Thanks to all of you!

Thursday, August 27, 2009

OK- so I knew better, I really really knew better but I did it anyway....stepped on those scales morning. How can an inanimate object cause so much emotional grief? It is enough to make a good girl want to say a few "not so nice" words.
No, my weight wasn't up, but it wasn't down the 10 lbs I expected it to be either. I mean c'mon, it has been TWO days. Two days of eating right and pushing the mega stroller up a mountain.
all kidding aside- I know it is going to take time and there are going to be ups and downs (though I hope they are mostly downs-if you know what I mean). It is amazing how slow time seems to move when you are losing weight and how fast it zooms with everything else.

Wednesday, August 26, 2009

Day 2:
8:30- I'm not sure how I got so heavy. Sometimes I feel like I just woke up that way one morning. I was physically active in high school and could eat whatever I wanted without gaining weight. I gained a little bit in my early college years, but I think I really started putting it on when I hit 20. I'm not sure why. Maybe my body changed or maybe I just got lazy.

I've been trying to lose weight for the past 20 years and have been moderately successful at times. I lost quite a bit on the First Place program at church one time and I also saw a nutritionist for a few years that helped me.

This past week, we had family pictures taken at the studio. I'm sure I will be shocked when I view them. For some reason, I don't see all the extra weight in the mirror or even the wrinkles. It usually takes a picture of for me to really see myself. I think that is true for a lot of people.
I think the thing that freaked me out the most, though, was the video camera. My folks bought a new one and were videoing Kent and I one morning. When they played it back for Kent to see.....well lets just say it was a very humbling experience for me.

Tuesday, August 25, 2009

Day one- August 25, 2009

Here I am, day one of a "lifestyle change" ( That is a nice way of saying "diet"). I've been down this road many, many times before and am just hoping that this is the time I will stay on it.

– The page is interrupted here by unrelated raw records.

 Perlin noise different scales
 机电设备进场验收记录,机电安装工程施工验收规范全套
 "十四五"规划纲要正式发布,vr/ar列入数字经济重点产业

Thanks to a wonderful nutritionist I know what I'm supposed to eat. Knowing and doing are two different things though. I also know I need to exercise, unfortunately laundry, dishes, cooking and chasing a 4 & 2 year old all day doesn't count.

So....I went early to walk (before picking Holly up from school). With a 50lb double stroller and 75 lbs worth of kids I headed down the street near the elementary school. It was a nice walk and one I've made before. I just couldn't understand, though, how God managed to turn one of those streets into a giant hill in the blink of an eye. But God is full of miracles. And one of them turned out to be getting me and the cadaillac stroller to the top of the mountain (end of the street). The kids were still in it too!
I complained though! The whole way I grumbled and sweated. I made the statement that I was in terrible shape. I must have been talking out loud because my 4 year old said, " What??, Momma you don't even have a shape"

just another sign that, yes, it is time to lose this weight.